Ruang tunggu yang nyaman dengan pajangan beberapa kaligrafi berpigura keemasan tak membuat hati Hana tenang. Ia khawatir pada kondisi si jabang bayi. Suami dan kedua orang tuanya selalu berusaha menyemangati, tapi tetap saja ia gelisah.
“Sudah treatment obat sama dokter Novita ya. Ayo kita periksa dulu!” Dokter berpenampilan sederhana dengan wajah oriental yang teduh itu mempersiapkan peralatannya.

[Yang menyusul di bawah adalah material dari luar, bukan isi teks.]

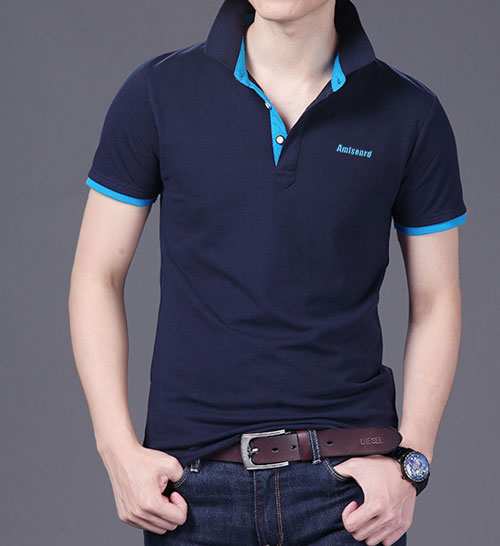 精棉萊卡高檔POLO衫定做,藏青色搭配天藍色款式圖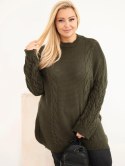 Sweter damski Plus Size z warkoczowym wzorem khaki
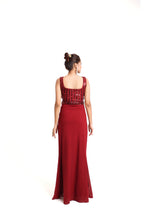 Load image into Gallery viewer, Aura A-Line Slit Sequin Gown | Maroon
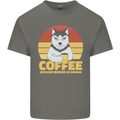 Coffee Because Murder is Wrong Funny Dog Mens Cotton T-Shirt Tee Top Charcoal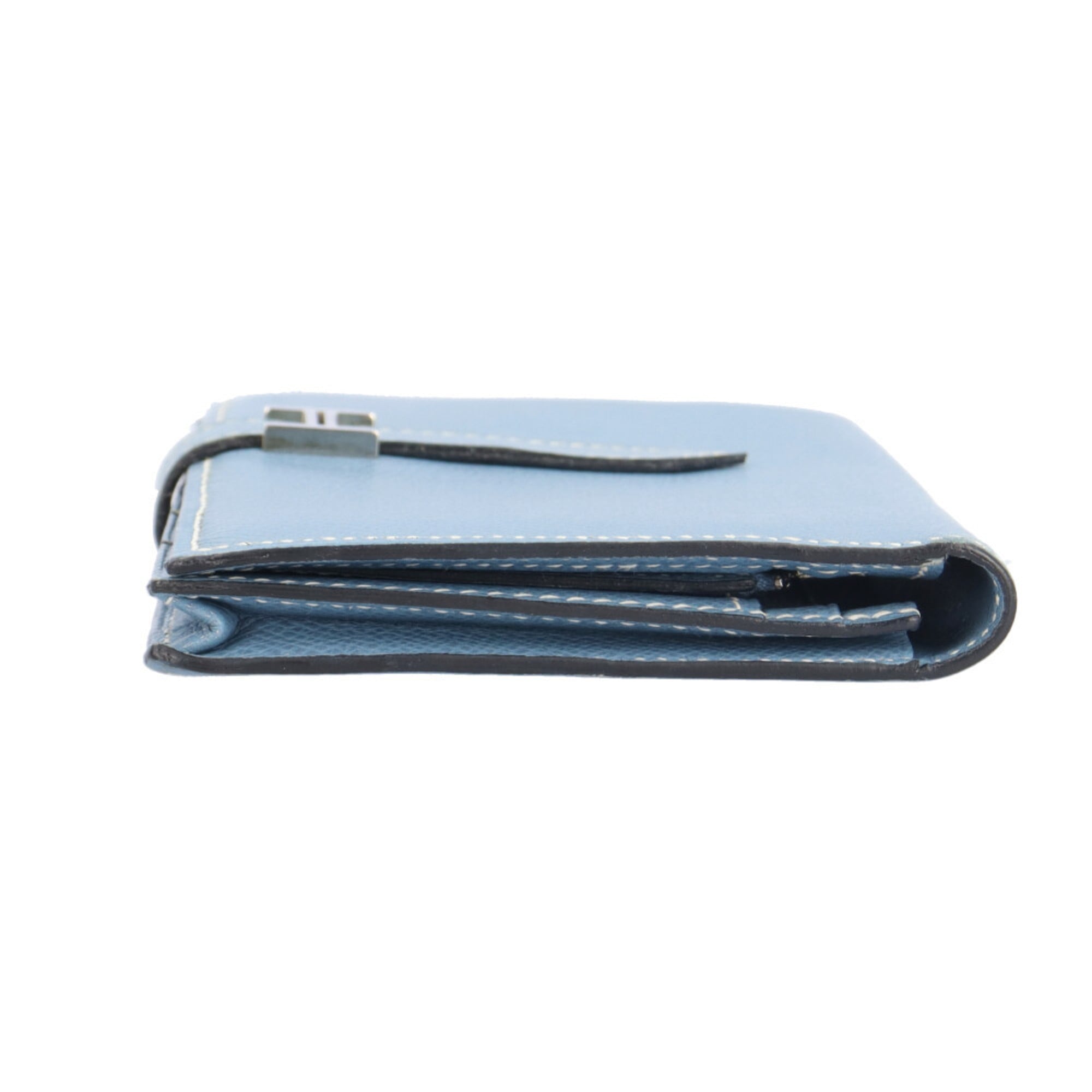 Hermes Blue Jean Epsom Leather Long Wallet (Bi-Fold) (Pre-Owned)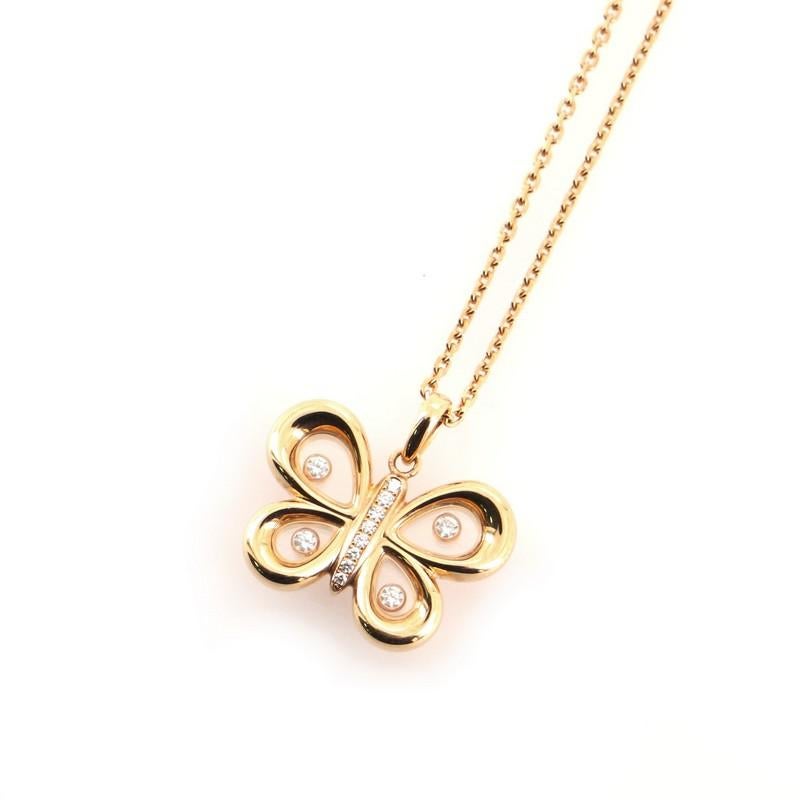Chopard Happy Butterflies Pendant Necklace 18k Pink Gold with Diamonds In Good Condition In New York, NY
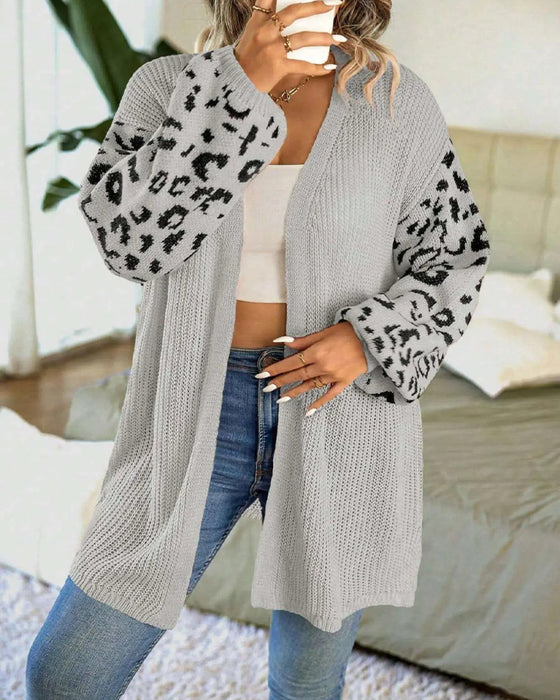 Cardigan Leopardtryck Lång Ärm Patchwork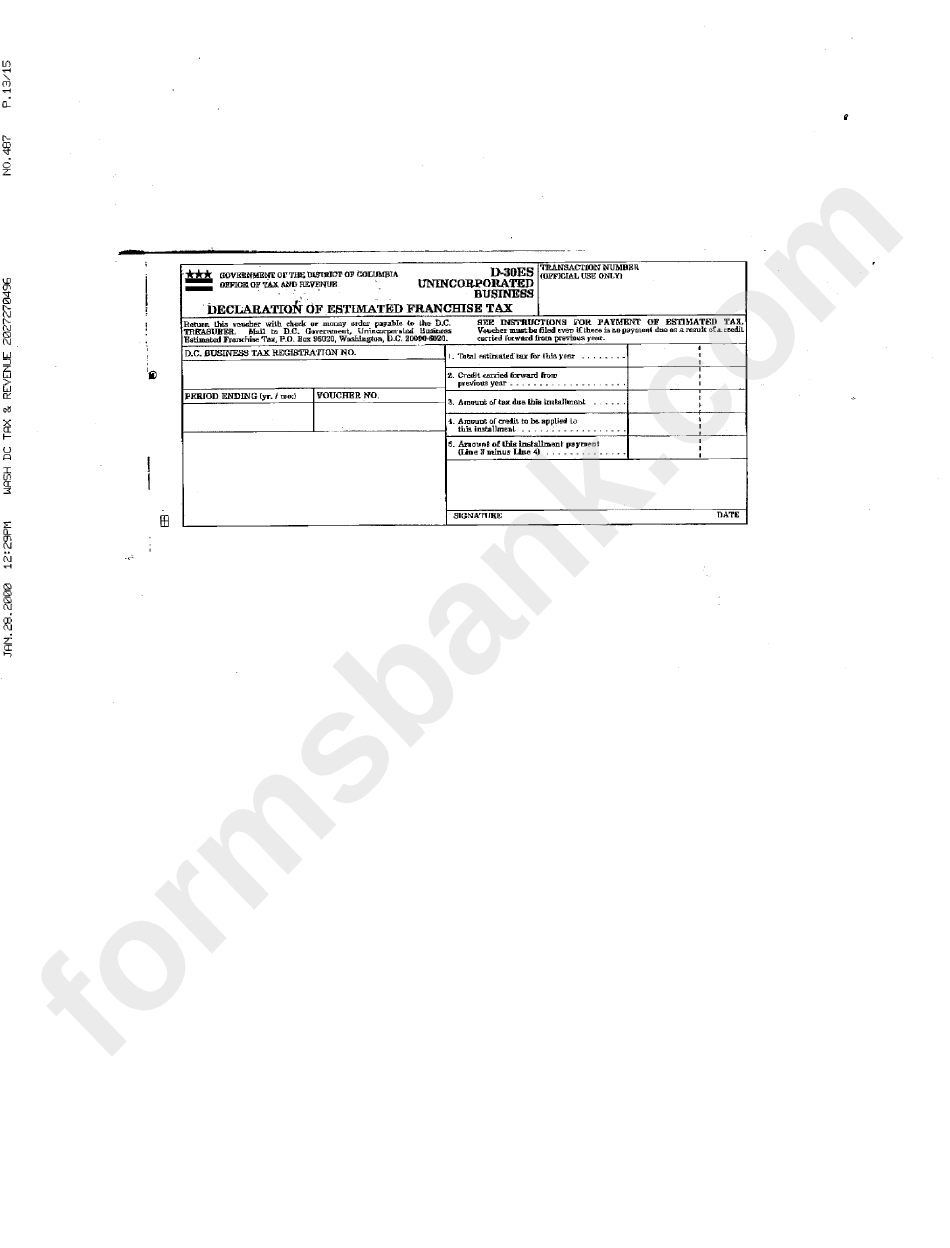 Form D30es Unincorporated Business 1999 printable pdf download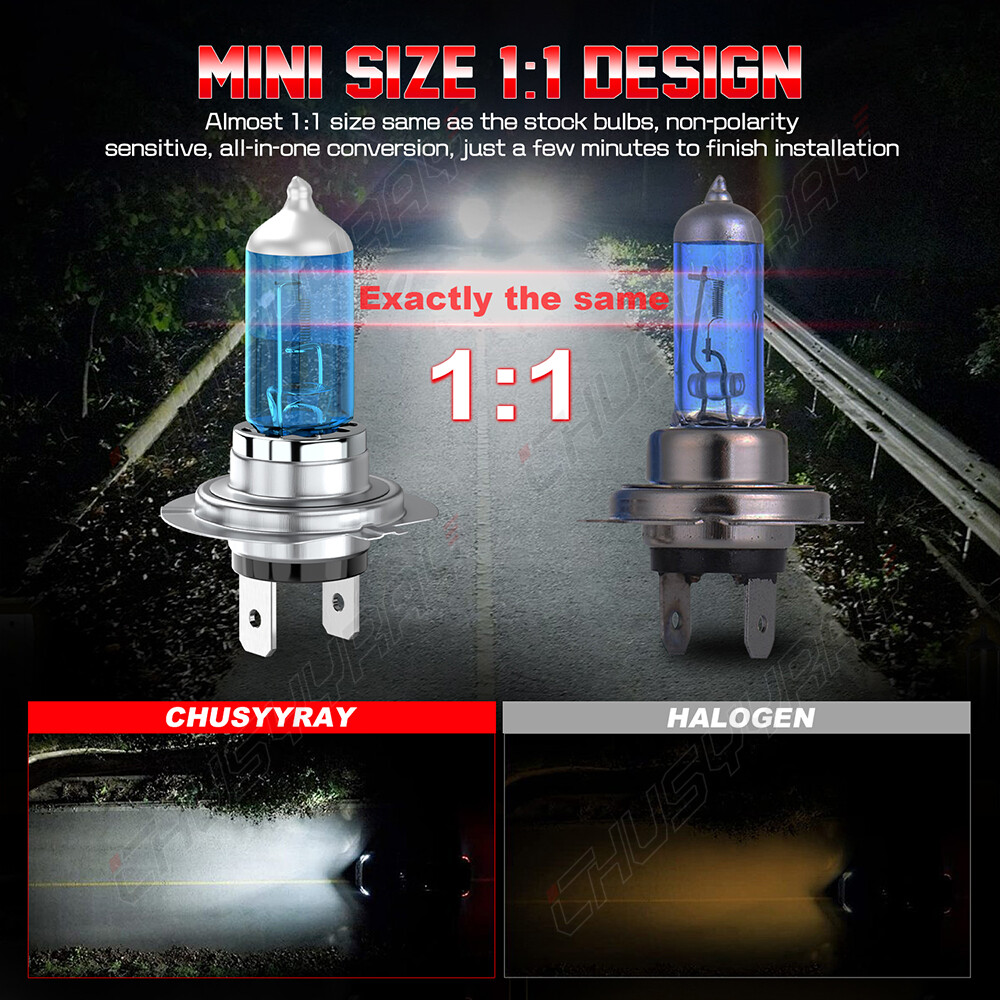 2X Super Bright H7 Halogen Headlight Bulbs Conversion Kit High Low Beam White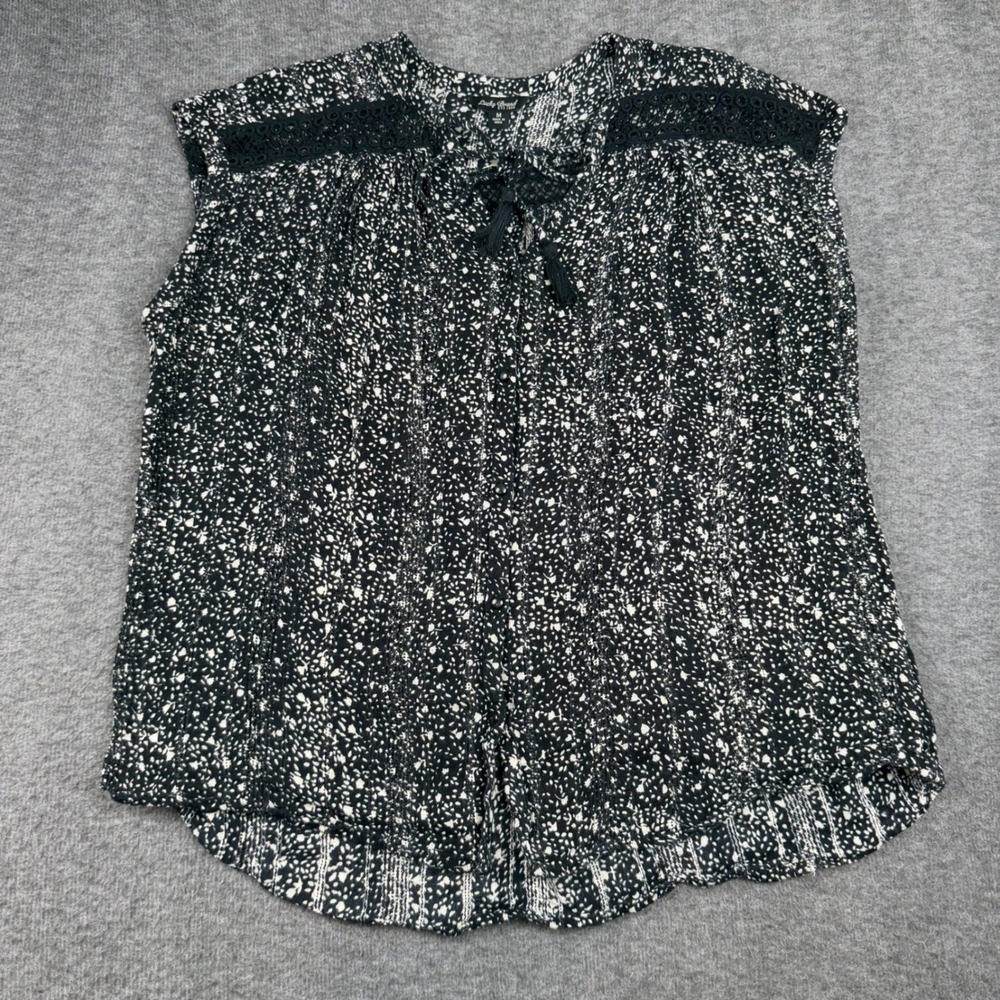 Lucky Brand Sleeveless Blouse Womens Medium Black White Crochet Lace Tassel Boho
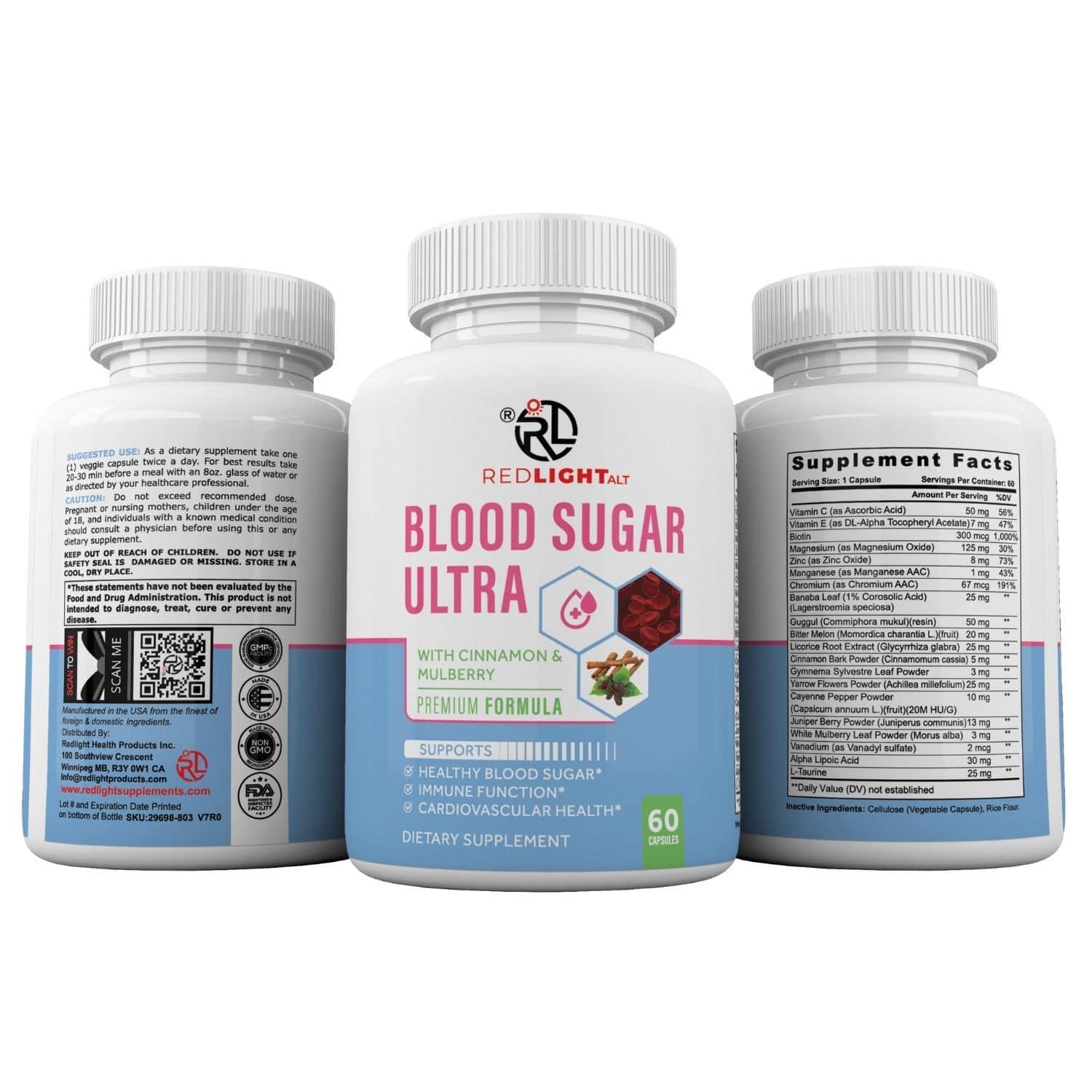 Redlight ALT blood sugar support supplement for diabetes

“Jangan kaget ya, Bu.” Sebuah alat yang mengeluarkan suara keras seperti klakson fuso diletakkan di perut Hana. Seketika terlihat si jabang bayi terlonjak kaget di layar monitor USG 4D.
Dua kali dokter Nuswil membunyikan alat itu, dua kali pula si jabang bayi terkaget-kaget. Lucu. Hana dan suaminya takjub. Senyum mereka merekah.
“Alhamdulillah, telinganya baik. Untuk matanya saya belum bisa lihat. Itu dia malu, tutup muka terus,” ucap dokter Nuswil renyah.
***
Sejak subuh sampai jam sembilan malam, tetap bertahan di bukaan dua. Hana semakin lemas karena kesakitan akibat dua kali induksi. Semangatnya untuk persalinan normal luruh. Akhirnya ia menyerah dan memilih jalan operasi.
Tepat pukul 22.22, si cantik montok berkulit bersih kemerah-merahan itu pun lahir. Penuh syukur dan haru, Hana menciuminya sebelum dibawa perawat ke kamar bayi.